The Kickstarter Generation, Prose Edition

by evanmcmurry

Today in savage book reviews:

It is my opinion that this novel is awful, and I am aesthetically or philosophically opposed to it. Likely it comes from some hypocrite-lecteur-mon-semblable-mon-frere place, but Taipei brought out all of my conservative instincts. Only a real codger would say this, but if this is the output we can expect from one of our bright young things, we’re fucked.

Unsurprisingly, the actions of a “web-savvy It writer” correspond suspiciously with those of a con man:

In July 2008, Lin sold six shares of “Richard Yates” online. The winning bidders gave him $2,000 each in exchange for 10 percent of the domestic profits that come from “Yates.” As he says with a laugh, “If it doesn’t make very much, that’s their loss.”

[snip] In early November 2009, Lin held an “experimental contest” on his blog that invited users to bid a certain amount of money via Paypal — any amount they chose — on a prize package of Tao Lin goodies. The catch: Lin’s prizes would go to the highest bidder, but entrants would not get their money back if their bid lost. Lin posted a video that showed off the prizes: A “unique drawing of a Sasquatch holding a hamburger,” which he notes has the “crying hamster stamp of authenticity” (a small doodle Lin puts on all his artwork and also signs books with); a Tao Lin T-shirt; an unpublished draft of a short story; an error-filled galley copy of “Shoplifting From American Apparel”; and a small Moleskine journal filled with Lin’s notes. “You can find out exactly what I do by getting this and looking at my to-do list,” he declares in the video. One finds all of this thoroughly ridiculous until learning that the last Moleskine notebook he sold on eBay went for $80. He is making real money off of this shwag. Lin says, “I probably make $700 a month from selling stupid things on my blog.”

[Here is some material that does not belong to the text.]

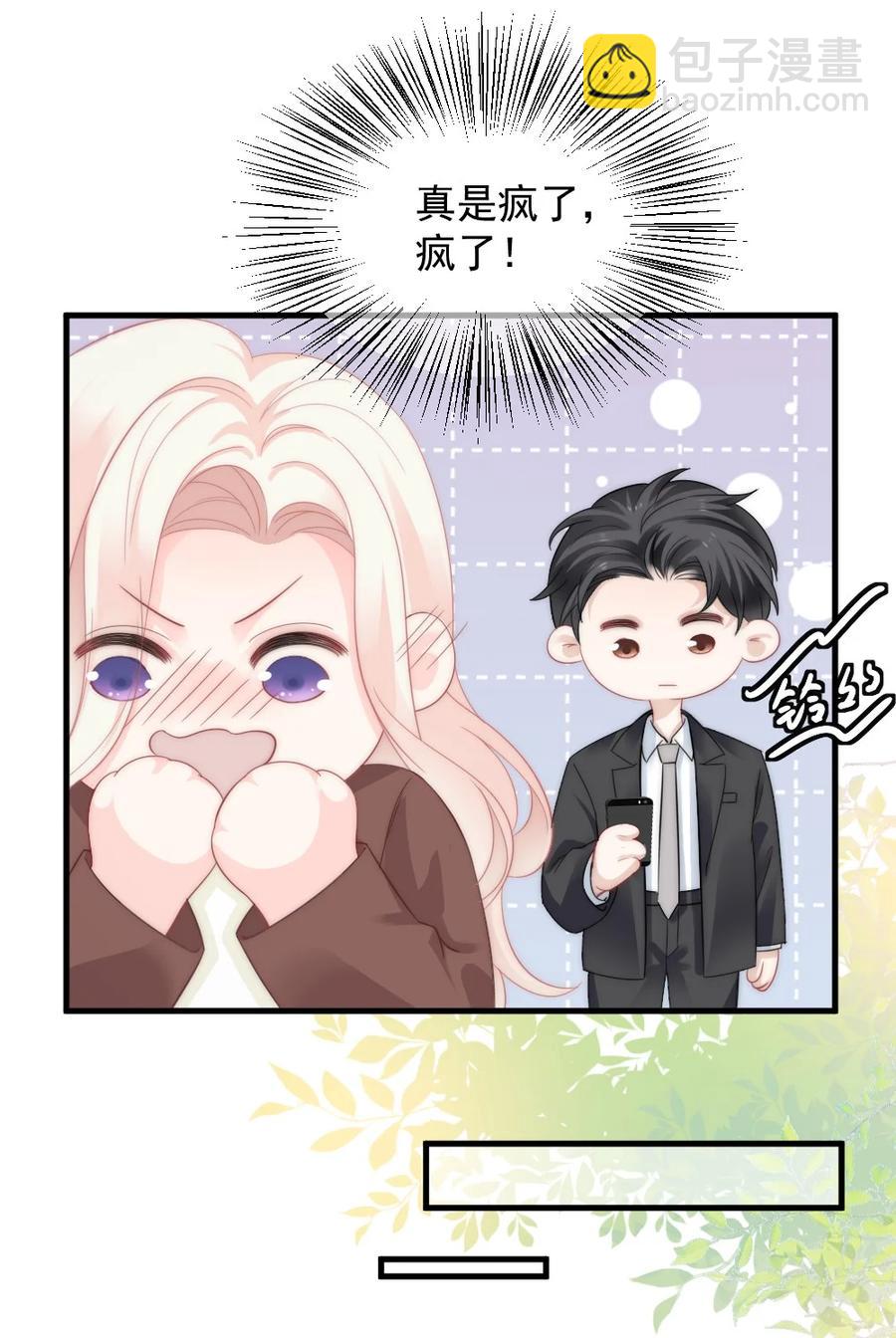 037 纪念日-第37话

Welcome to the Kickstarter generation.

“An Undertaking Of Great Advantage”: Or, Kickstarter Is A 300-Year-Old Scam

by evanmcmurry

Quoted in David Graeber’s Debt, in a segment on the burst of joint-stock offerings that occurred in England at the advent of capitalism:

The most absurd and preposterous of all, and which shewed, more completely than any other, the utter madness of people, was one started by an unknown adventurer, entitled “A company for the carrying on of an undertaking of great advantage, but nobody to know what it is.”

The man of genius who essayed this bold and successful inroad upon public credulity merely stated in his prospectus that the required capital was half a million, in five thousand shares of 100l. each, deposit 2l. per share. Each subscriber, paying his deposit, would be entitled to 100l. per annum per share. How this immense profit was to be obtained, he would not condescend to inform them at that time, but promised that in a month the full particulars would be duly announced, and call made for the remaining 98l. of the subscription. Next morning, at nine o’clock, this great man opened an office in Cornhill. Crowds beset his door, and when he shit up at three o’clock, he found that no less than one thousand shares had been subscribed for, and the deposits paid.

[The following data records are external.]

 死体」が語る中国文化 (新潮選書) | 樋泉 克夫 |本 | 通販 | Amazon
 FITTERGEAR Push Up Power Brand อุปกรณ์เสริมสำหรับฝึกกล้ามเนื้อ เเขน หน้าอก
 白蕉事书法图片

He was philosopher enough to be contented with his venture, and set off that same evening for the Continent. He was never heard of again.

Sound familiar?

In one of the most notorious failures yet, Josh Dibb of the band Animal Collective collected more than $25,000 from Kickstarter donors in December 2009 to travel to Mali and work on an anti-slavery movement. Almost three years later, the hundreds of donors to Dibb’s project have yet to receive any of the rewards they were promised. On August 21, Dan Rollman, a man who had supported the Malian endeavor, took to the project’s comments section to complain. “We are now approaching three years since your project was funded. Three years!” Rollman wrote. “You relied on the belief of strangers, who gave you over $25,000 so you could have a fun adventure in Africa. It’s truly disappointing.”